I believe God heals people because I’ve seen Him do it.  I believe he releases persecuted people from prison because it’s happened to friends of friends.  He does big things, and I know that he does small sweet things, too.  So why am I always surprised when he blesses me in the most minute ways?

I’m trying to adjust to life in the US.  One of the things that’s been hard for me to deal with is the difficulty of finding clothes to wear that don’t make me feel uncomfortable.  I wore kurtas in India, long, blouse-like tunics that hit about three inches above my knees.  They’re beautiful, hide everything, and feel uber-feminine.  I liked them.  Ok, not the orange, paisley ones with silver sequins, but most I loved.

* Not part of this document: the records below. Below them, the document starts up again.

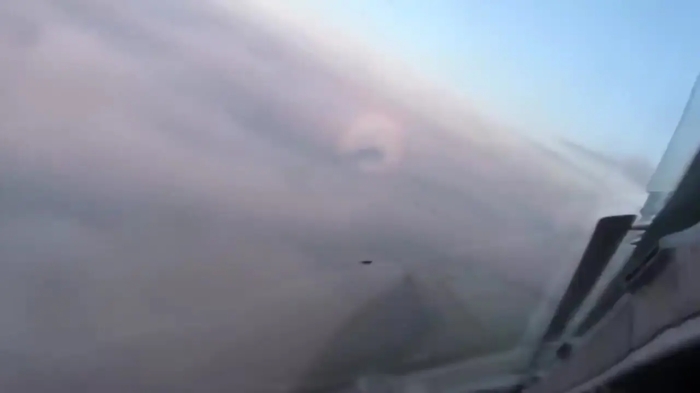 پرواز حیرت‌انگیز غول اتمی روسیه بر فراز قطب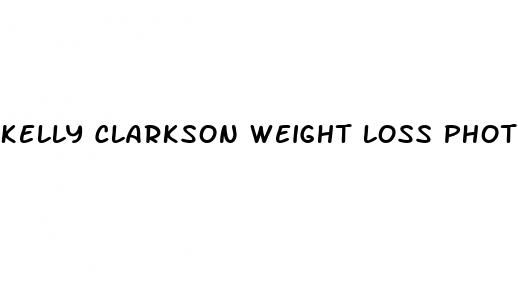 kelly clarkson weight loss photos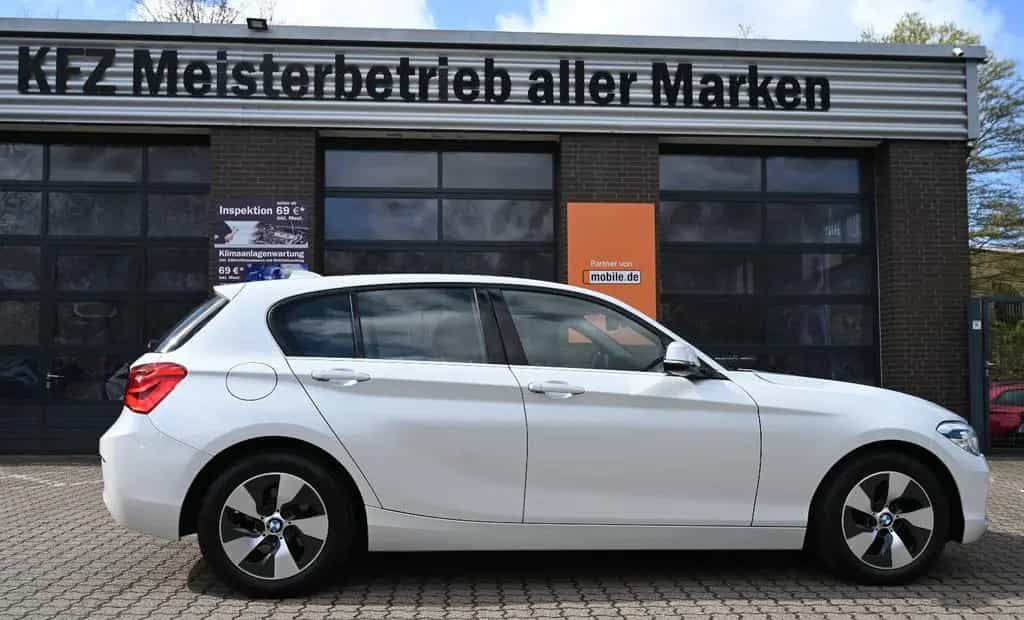 BMW 1 Series 118 i Urban Line Leder Navi 1.Hd LED 12/2017-photo-4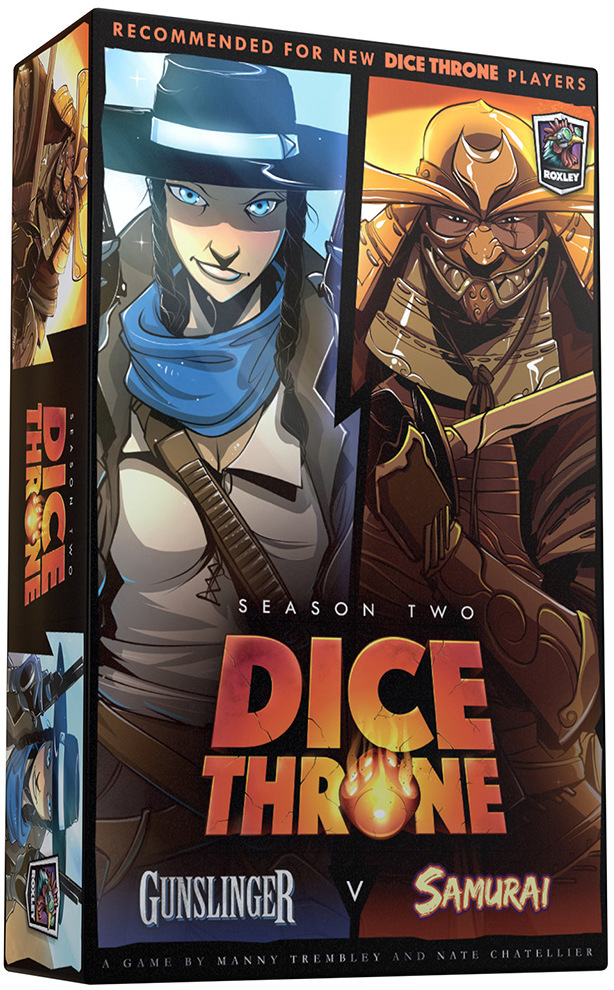 Dice Throne: Gunslinger vs Samurai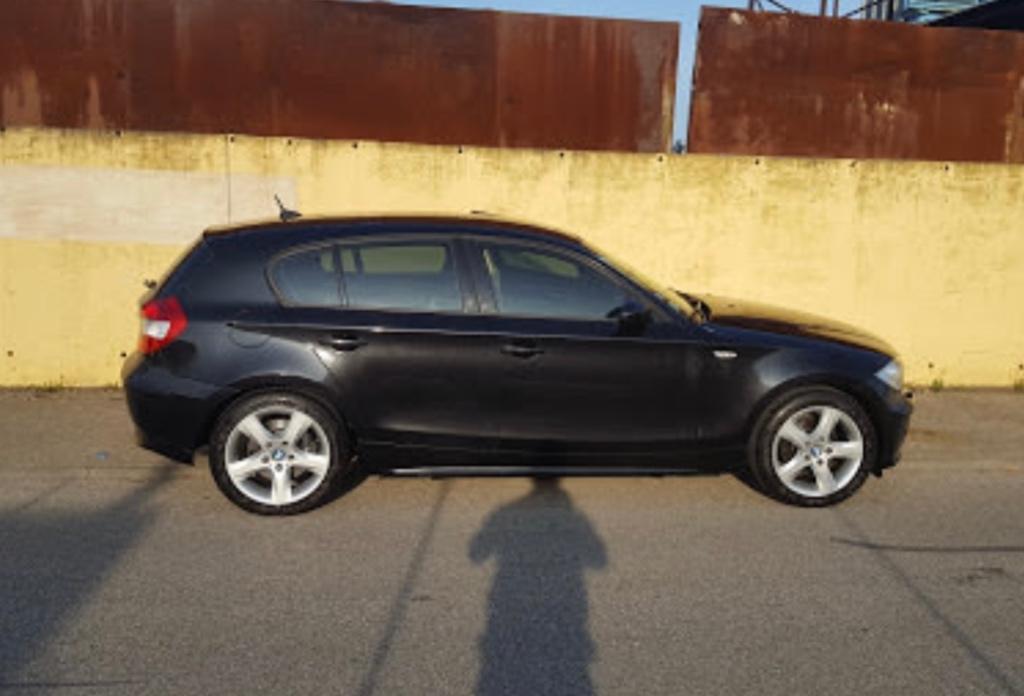 4x jantes d’origine 17 bmw 1 e87 e88 e82 e81, Ophalen, 17 inch, Velg(en)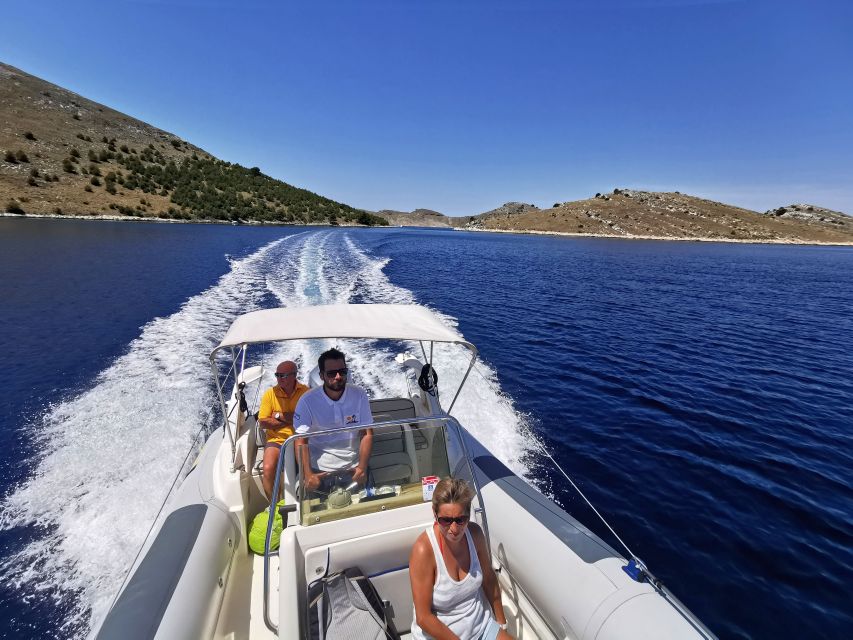 From Zadar: Private Speedboat Tour of Kornati National Park - Komati Islands and lunch: plan your food like a pro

Since our return to the States I’ve not been able to make myself wear shorts.  Not that I think shorts are bad.  I just can’t make myself do it.  I trust I don’t need to reiterate my issues with swimsuits.  Even little t-shirts make me feel weird.  So I was hoping that today I could go shopping with my sister and find tops that would be pretty and make me feel comfortable in my skin again.

But wait!  Plot complication alert.  I hate shopping, and we don’t have a lot of money.  And we had my sister’s 2.5 year old with us.  And I had a short window of time before picking my kids up from music camp.  It was a dicey hope at best.

I had $100, 1.5 hours, and a ridiculous sinking feeling to bring to today’s outing.  But what I left the store with were 7 American-style kurtas (!), three pairs of earrings, and the ridiculous exhilaration of someone who spent $99.54 with tax.

It’s not a big thing.  It’s small, I know.  But then I also know how it was a direct blessing from the Lord; how today he reminded me, yet again, that he cares about small things, too.